続いて、広告電通賞審議会の大平明理事長が選考経過と審査報告を行った。大平氏はまず、2024年の国内広告費が7兆6703億円に上り、3年連続で前年を上回ったことを紹介。

マスコミ4媒体の広告費も3年ぶりに前年を上回り、インターネット広告がさらに成長するなど、市場全体が成長・活性化している状況に触れた。

その上で「広告があるべき姿とは、広告主の思いをいかに正しく伝え、生活者に共感し体験してもらえるかにある」と述べ、今年の入賞作にもその工夫が随所に見られたと評価した。


大平氏はまた、受賞作を社会に共有し広めていく意向を示し、「今日の場を通じて新しいアイデアや取り組みに触れてほしい」と呼びかけた。

総合賞受賞挨拶

総合賞の受賞時には、サントリーホールディングスを代表し、執行役員 コミュニケーションデザイン本部長の鈴木あき子氏が登壇。「2年連続の受賞を心から嬉しく思うと同時に、この一年の取り組みが間違っていなかったと確認でき、ホッとした気持ちもあった」と心境を語った。

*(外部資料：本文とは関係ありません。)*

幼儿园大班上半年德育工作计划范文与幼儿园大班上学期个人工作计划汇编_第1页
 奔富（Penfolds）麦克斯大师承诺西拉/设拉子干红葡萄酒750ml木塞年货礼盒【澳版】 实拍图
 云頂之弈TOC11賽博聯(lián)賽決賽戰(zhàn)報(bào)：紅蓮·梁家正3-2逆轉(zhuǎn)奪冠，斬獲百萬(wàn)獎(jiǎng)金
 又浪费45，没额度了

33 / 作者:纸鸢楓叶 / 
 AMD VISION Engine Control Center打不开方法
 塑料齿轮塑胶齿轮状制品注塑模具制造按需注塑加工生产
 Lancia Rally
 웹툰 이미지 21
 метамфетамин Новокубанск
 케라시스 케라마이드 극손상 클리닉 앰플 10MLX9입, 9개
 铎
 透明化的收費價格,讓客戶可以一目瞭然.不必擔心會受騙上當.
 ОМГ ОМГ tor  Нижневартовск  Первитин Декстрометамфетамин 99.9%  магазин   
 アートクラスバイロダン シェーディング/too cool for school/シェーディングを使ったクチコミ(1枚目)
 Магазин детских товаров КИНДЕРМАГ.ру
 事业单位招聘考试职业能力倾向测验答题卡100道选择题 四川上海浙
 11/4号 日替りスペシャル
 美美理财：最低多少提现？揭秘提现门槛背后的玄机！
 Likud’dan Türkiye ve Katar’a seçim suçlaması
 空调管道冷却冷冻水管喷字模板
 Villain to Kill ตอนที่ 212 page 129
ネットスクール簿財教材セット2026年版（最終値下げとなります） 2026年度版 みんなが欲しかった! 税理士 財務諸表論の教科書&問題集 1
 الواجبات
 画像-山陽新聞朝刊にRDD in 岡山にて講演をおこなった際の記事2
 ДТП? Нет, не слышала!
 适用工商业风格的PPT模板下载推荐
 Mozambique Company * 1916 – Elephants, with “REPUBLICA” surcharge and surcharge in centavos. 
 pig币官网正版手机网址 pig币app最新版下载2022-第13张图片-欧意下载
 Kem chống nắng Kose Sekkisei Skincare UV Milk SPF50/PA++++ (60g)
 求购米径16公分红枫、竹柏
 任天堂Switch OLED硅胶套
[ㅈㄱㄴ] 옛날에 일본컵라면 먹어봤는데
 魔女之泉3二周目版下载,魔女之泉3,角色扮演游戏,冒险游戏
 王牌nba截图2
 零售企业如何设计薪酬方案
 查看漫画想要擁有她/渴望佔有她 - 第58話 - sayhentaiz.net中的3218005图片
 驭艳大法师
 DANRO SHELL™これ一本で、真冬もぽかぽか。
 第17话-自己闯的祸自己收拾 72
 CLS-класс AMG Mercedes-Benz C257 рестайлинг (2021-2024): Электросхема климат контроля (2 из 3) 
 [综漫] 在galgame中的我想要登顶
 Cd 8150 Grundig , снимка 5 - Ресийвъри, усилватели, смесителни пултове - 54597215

続いて、最高賞を獲得した自社の作品に触れた。フィルム広告部門とOOH広告部門で最高賞となった「天然水」については「大自然と命をつなぐブランドとして、次世代への想いや、美味しさを未来に届けるメッセージを託した」と紹介。

さらにエリアアクティビティ部門で最高賞を受賞した「Beサポーターズ!」については、人生100年時代をテーマに「体の健康だけでなく心の健康も含め、ウェルビーイングに寄り添う活動」と位置づけ、介護職員やJリーグと連携して進めてきた取り組みだと述べた。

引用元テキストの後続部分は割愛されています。